Jumat, 18 Maret 2016

Inikah Drama?

Kesempatan Emas

---

 "Loh...loh... ini kenapa nih kok motornya goyang-goyang gini? Padahalkan jalanannya  bagus." Keluh Anjani tanpa mengetahui ban motornya bocor, Anjani memilih untuk menepikan motornya.
 "Ah sial banget hari ini. Kenapa sih pake acara ban bocor begini?" Umpat Anjani, ia pun menendang ban motornya dan hal itu membuat kakinya merasa sakit, Anjani nyengir kesakitan. Dengan terpaksa, Anjani pun membawa motornya ke bengkel terdekat. Meskipun sebenarnya jaraknya cukup jauh.
 "Pak, ini bannya bocor. Kalau dibenerin kira-kira lama nggak Pak?" Tanya Anjani dengan napas sedikit ngos-ngosan.
 "Tergantung, coba saya lihat dulu ya Mbak," jawab pak bengkel. Beberapa detik kemudian.
 "Oh ini kayaknya kena paku Mbak, kira-kira kalau dibenerin butuh waktu 15 menitan." Sambung pak bengkel.
 "Oh gitu Pak, yaudah tolong dibenerin ya Pak. Tapi kalau aku ngambilnya nanti pulang sekolah bisa nggak? Titip dulu gitu, boleh nggak Pak? Soalnya ini aku udah hampir telat ke sekolahnya." Tanya Anjani.
 "Iya, bisa kok. Nanti bengkel saya tutupnya jam 3 sore Mbak." Timpal pak bengkel.
 "Yaudah Pak. Makasih ya Pak, mari..."  ucap Anjani dan langsung bersiap untuk pergi. Saat ia akan berlari, tiba-tiba...
 "Eh Jani!" Seorang pria tampan menepikan motornya dan menghampiri Anjani. Anjani memang kerap dipanggil dengan Jani. Karena namanya yang panjang, teman-temannya lebih menyukai untuk meringkas namanya menjadi Jani.
 "Ban motor kamu kenapa? Bocor ya?
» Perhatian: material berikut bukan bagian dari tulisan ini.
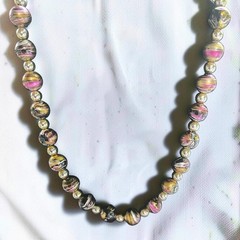 Vintage Marbled Lucite Bead Necklace Black Gold Pink Silver 24″ Mid Century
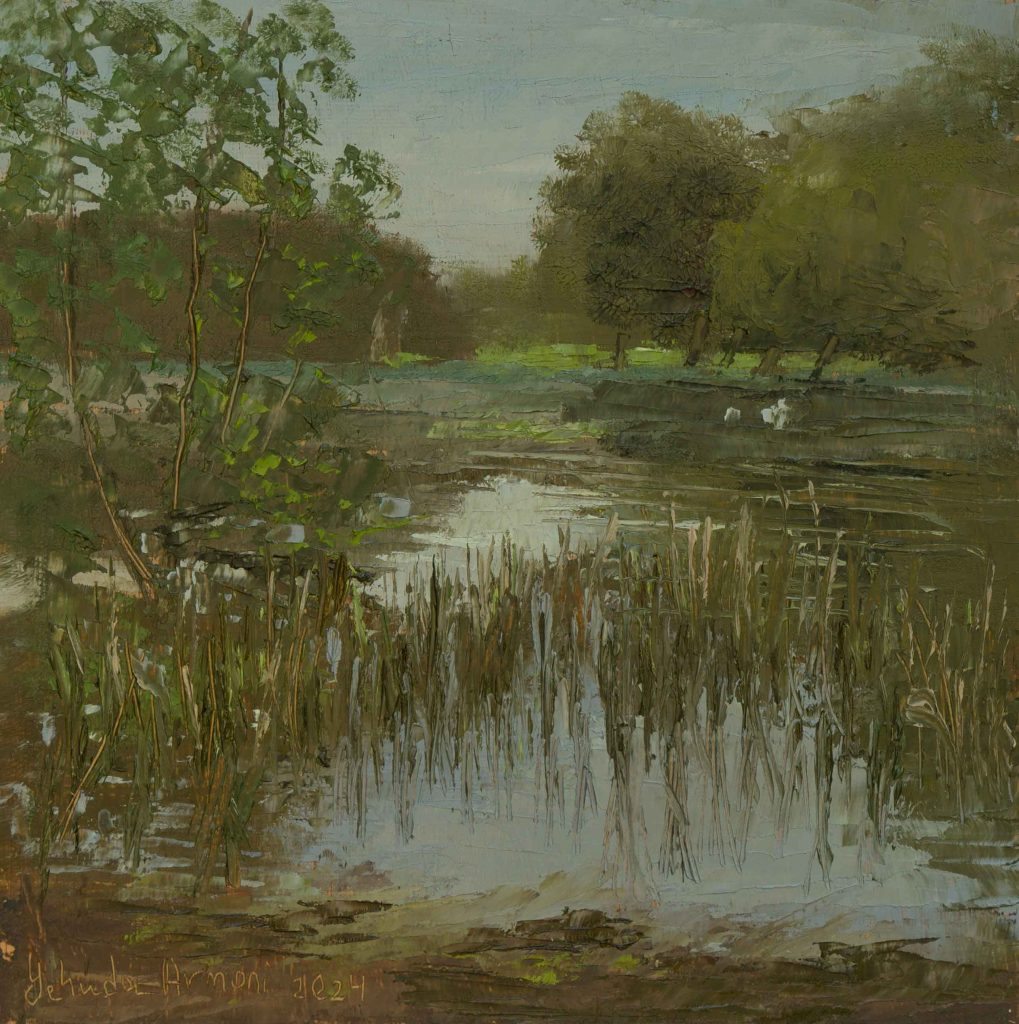 Winer pond in Natanya 2024 | oil on wood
Bareng aku aja yuk?" Tawar Endy. Anjani tidak kunjung menjawab. Ia lebih memilih untuk menunduk.
 "Kok malah diem aja sih? Ini udah hampir bel masuk sekolah loh," tanya Endy lagi karena tidak kunjung mendapat jawaban dari Anjani.
 "Ee..ee..nggak usah En, aku jalan kaki aja. Lagian bentar lagi juga udah mau sampai di sekolah." Jawab Anjani dengan gugup.
 "Beneran? Kamu nggak takut telat? Ini udah jam 06.54 loh." Tanya Endy memastikan seraya melihat jam tangannya.
 "Nggak papa, kamu duluan aja." Jawab Anjani dengan senyum canggung.
 "Ya udah deh, aku duluan ya..." ucap Endy yang langsung menyalakan motor merahnya dan meninggalkan Anjani.  Setelah Endy menjauh. Anjani bergegas lari sekencang-kencangnya. Saat berlari, dia berfikir telah melakukan hal seperti yang orang bodoh lakukan. Melewatkan kesempatan emas hanya karena kegugupan yang menyebalkan.
 "Aaah...bodo kamu Jan!" Kesal Anjani yang memukul-mukul kepalanya karena kesal. Ia berlari sekencang-kencangnya sambil melihat jam tangannya sesekali.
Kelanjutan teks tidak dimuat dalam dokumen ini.